## INSTRUCTIONS TO FOLLOW
Print the listing below exactly, minus its pictures.

## INFORMATION SUPPLIED

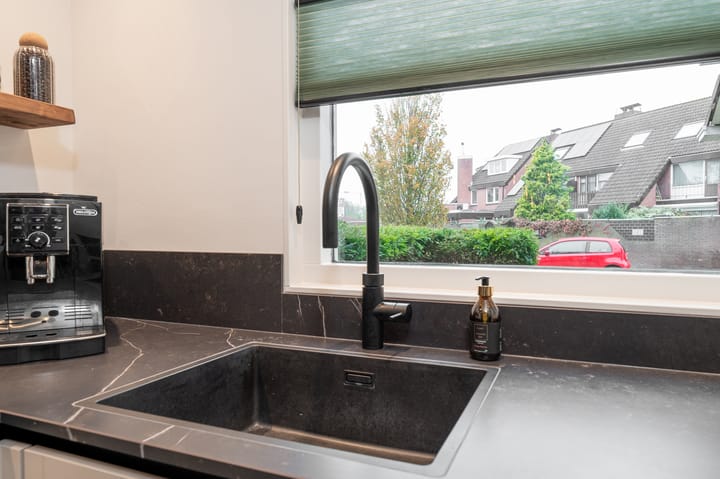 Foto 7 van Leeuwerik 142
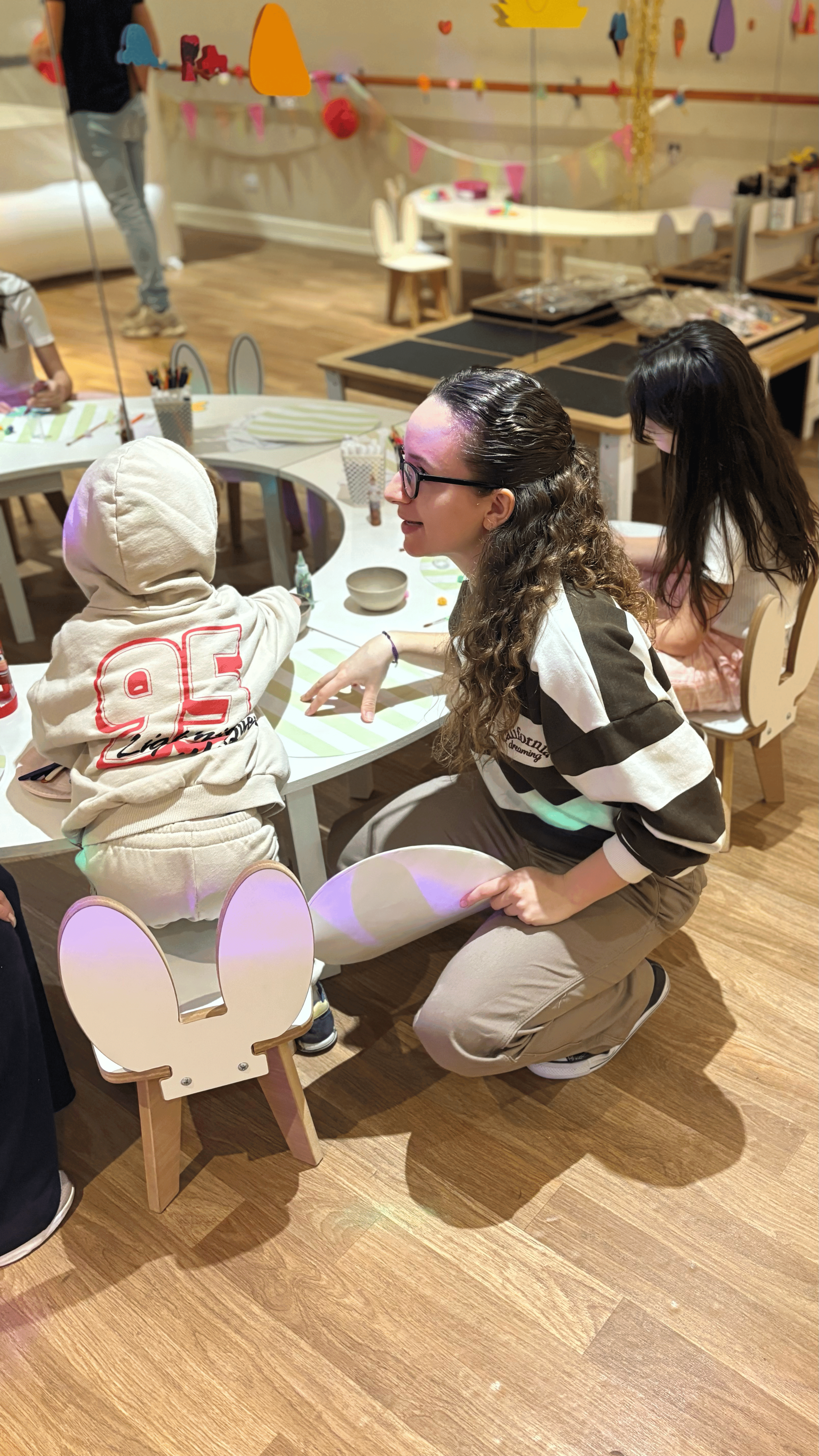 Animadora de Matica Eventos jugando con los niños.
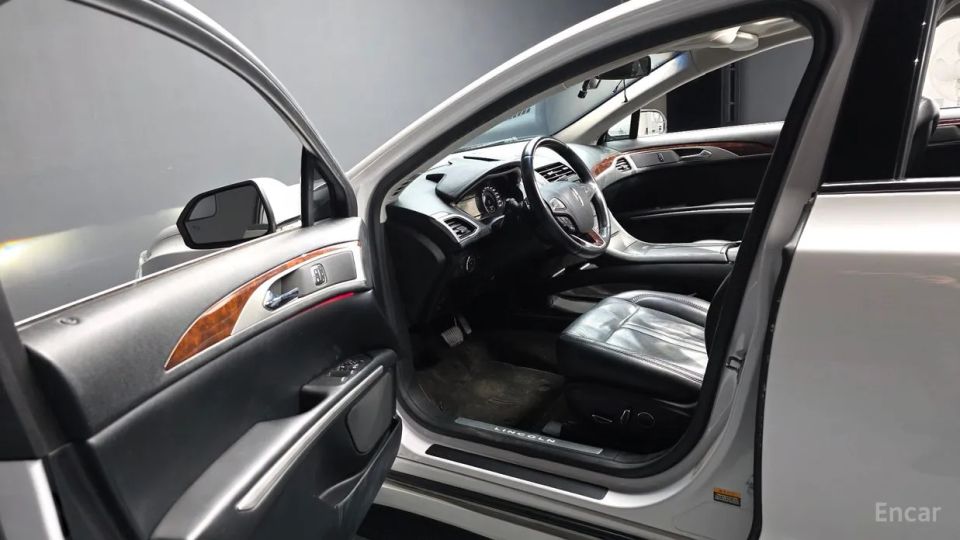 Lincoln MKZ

## EXERCISE SOLUTION
 Foto 7 van Leeuwerik 142
 Animadora de Matica Eventos jugando con los niños.
 Lincoln MKZ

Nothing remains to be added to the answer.